深水黎一郎 『エコール・ド・パリ殺人事件 レザルティスト・モウディ』

エコール・ド・パリ殺人事件 レザルティスト・モウディ (講談社ノベルス フK- 2)
 エコールド・パリの美術の権威でもある画廊の社長が、自宅でナイフに刺された死体となっているところを執事に発見されます。執事が駆けつけた時には現場は密室になっており、高い位置にある窓の付近に血痕が残っていました。捜査にあたった刑事の海埜は、被害者の絵を見せてもらうために突然やって来た甥の瞬一郎に会い、気ままに首を突っ込んで来る瞬一郎に振り回されることになります。

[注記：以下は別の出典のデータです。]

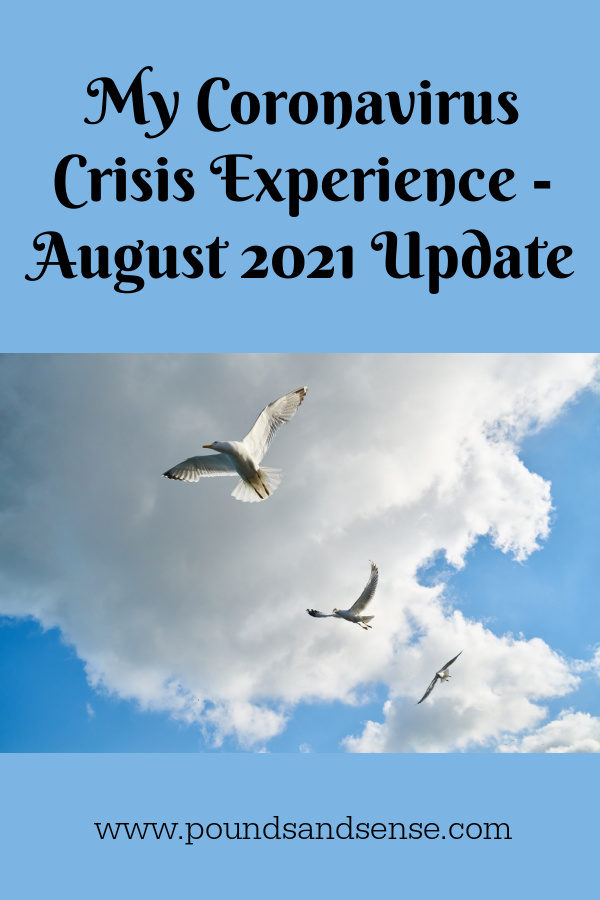 My Coronavirus Crisis Experience - August 2021 Update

 画廊のオーナー・密室殺人という組み合わせといい、美術論を挿入しながら淡々と進む展開、また人物造型やその配置といい、悪く言えば古臭く地味なミステリ。人物に関しても、ある程度キャラクターは立っているのにも関わらず、あくまでも作品全体の印象が地味であるのは、著者の堅実さの表れでもある反面、読者へのアピールという点では若干損をしている印象も受けます。
 ただし一見して欠点にも思えるこうした地味さも、構造がしっかりしているからこそ感じるオーソドックスさという意味ではこの著者の良い持ち味でもあり、必ずしも欠点にはならないでしょう。

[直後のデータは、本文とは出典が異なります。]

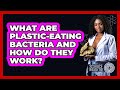 What Are Plastic-eating Bacteria And How Do They Work? - Science Through Time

 また、作中で随所に挿入される美術論に関して言えば、それらは決して専門性の高い知識ではなくあくまでも一般的なものの範疇に留まっているとは言えます。ですが、事件との関連性において薀蓄だけが浮いてしまうこともなく、挿入された作中作である美術論や、登場人物たちの会話の中で補足されるエコールド・パリの画家たちの物語が、事件の根幹を最後の最後で綺麗に浮き彫りにします。
 単純にフーダニットと密室の謎だけを追えば地味な作品と言えますが、本作においてはトリックの破綻のなさ以上に、ホワイダニットの演出部分が評価されてしかるべきでしょう。
 全体的にアピール度の低さでは明らかに損をしている部分もありますが、デビュー作に続いて二作目の本作でも窺い知れる、しっかりと地に足のついた作風は、安心して作家買いを出来る作家としての期待が出来るものでした。